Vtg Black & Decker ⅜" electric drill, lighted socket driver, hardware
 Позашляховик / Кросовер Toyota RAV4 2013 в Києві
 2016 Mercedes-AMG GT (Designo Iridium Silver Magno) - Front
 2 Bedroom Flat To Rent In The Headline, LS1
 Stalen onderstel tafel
------------------------------------------------
▶ _Assignment_
Every entry above needs to be written out again exactly.

▶ _Solution_
Vtg Black & Decker ⅜" electric drill, lighted socket driver, hardware
 Позашляховик / Кросовер Toyota RAV4 2013 в Києві
 2016 Mercedes-AMG GT (Designo Iridium Silver Magno) - Front
 2 Bedroom Flat To Rent In The Headline, LS1
 Stalen onderstel tafel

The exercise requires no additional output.